++++ DATA BELOW ++++
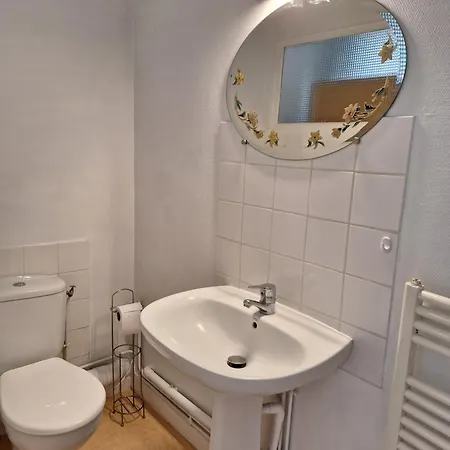 Le Ferry Apartament *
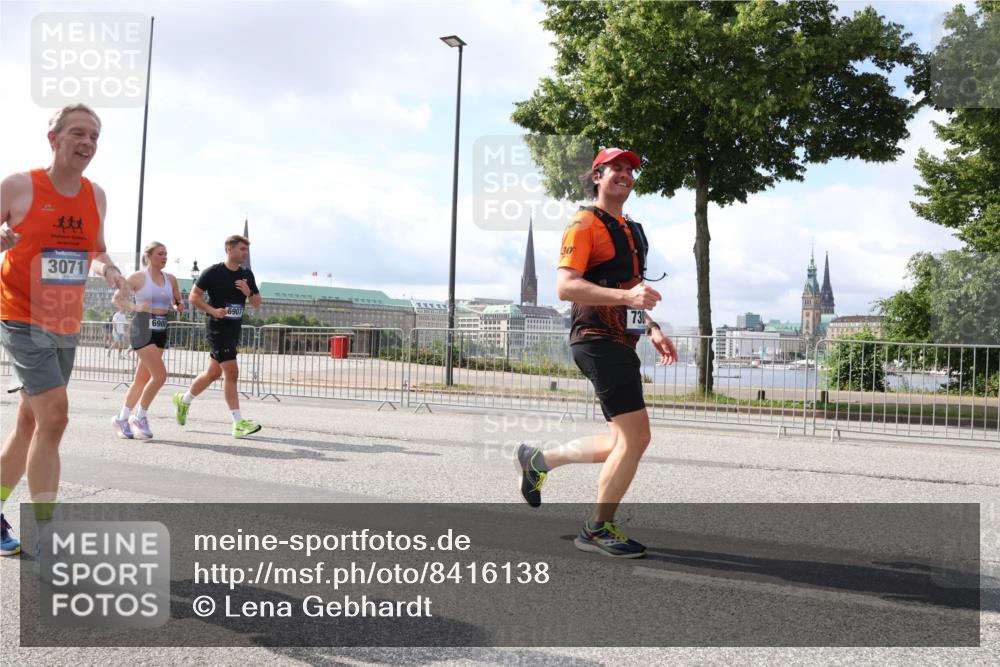 29.06.2025 - hella hamburg halbmarathon Lena Gebhardt http://msf.ph/oto/8416138 29.06.2025 10:05:10 Lombardsbrücke 3071, 30, 730, 1126, 1316, 1559, 1863, 1981, 2288, 2298, 2424, 2463, 2628, 2698, 3071, 3413, 3578, 4014, 4220, 4394, 4538, 4951, 5073, 6059, 6907, 6908, 7302, 7826, 8049, 8089, 8999, 9007, 9019, 9075, 9165, 9559, 9680, 10100, 10694, 11088, 11551, 11595, 11784, 12125, 12557, 13221, 13242, 13327, 13533, 13717, 14203, 15532, 16092, 16134, 16357, 16478, 16579, 16847, 16995, 17112, 17707, 17814, 17818, 18189, 18616, 18617, 19034 meine-sportfotos.de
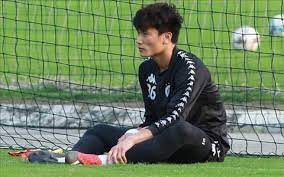 Vì trong 2 năm qua thì người hùng thường châu đã không có cửa cạnh tranh suất lên đtqg với các đồng nghiệp. Goc Nhin CÆ¡ Há»™i Nao Cho Bui Tiáº¿n DÅ©ng Táº¡i Clb Ha Ná»™i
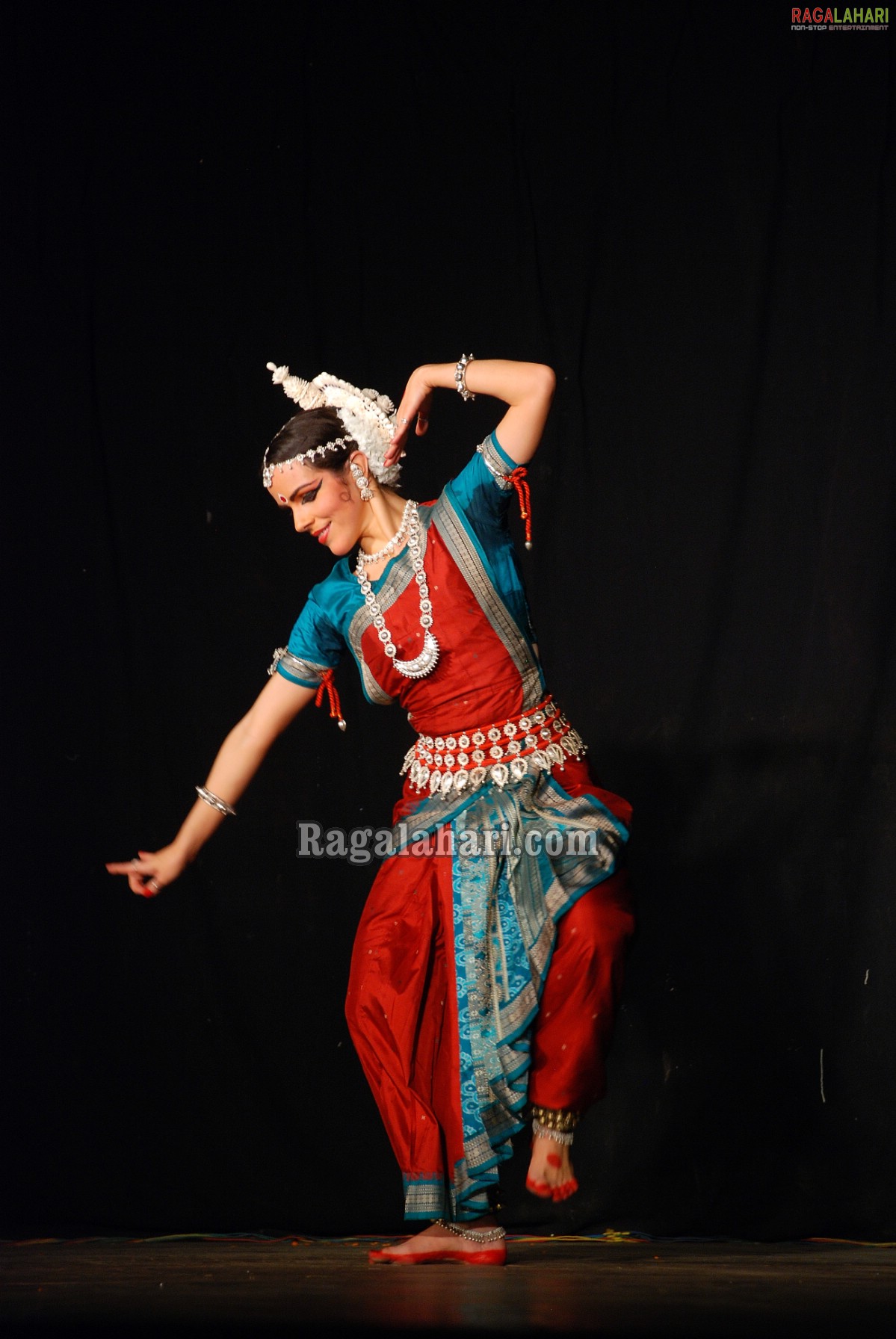 Bharath Nrithyotsav - International Indian Classical Dance Festival 2010 (Day 2)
++++
## WHAT THE TASK REQUIRES
Repeat the listing in full and exactly. Leave any pictures out.

## YOUR SOLUTION
 Le Ferry Apartament *
 29.06.2025 - hella hamburg halbmarathon Lena Gebhardt http://msf.ph/oto/8416138 29.06.2025 10:05:10 Lombardsbrücke 3071, 30, 730, 1126, 1316, 1559, 1863, 1981, 2288, 2298, 2424, 2463, 2628, 2698, 3071, 3413, 3578, 4014, 4220, 4394, 4538, 4951, 5073, 6059, 6907, 6908, 7302, 7826, 8049, 8089, 8999, 9007, 9019, 9075, 9165, 9559, 9680, 10100, 10694, 11088, 11551, 11595, 11784, 12125, 12557, 13221, 13242, 13327, 13533, 13717, 14203, 15532, 16092, 16134, 16357, 16478, 16579, 16847, 16995, 17112, 17707, 17814, 17818, 18189, 18616, 18617, 19034 meine-sportfotos.de
 Vì trong 2 năm qua thì người hùng thường châu đã không có cửa cạnh tranh suất lên đtqg với các đồng nghiệp. Goc Nhin CÆ¡ Há»™i Nao Cho Bui Tiáº¿n DÅ©ng Táº¡i Clb Ha Ná»™i
 Bharath Nrithyotsav - International Indian Classical Dance Festival 2010 (Day 2)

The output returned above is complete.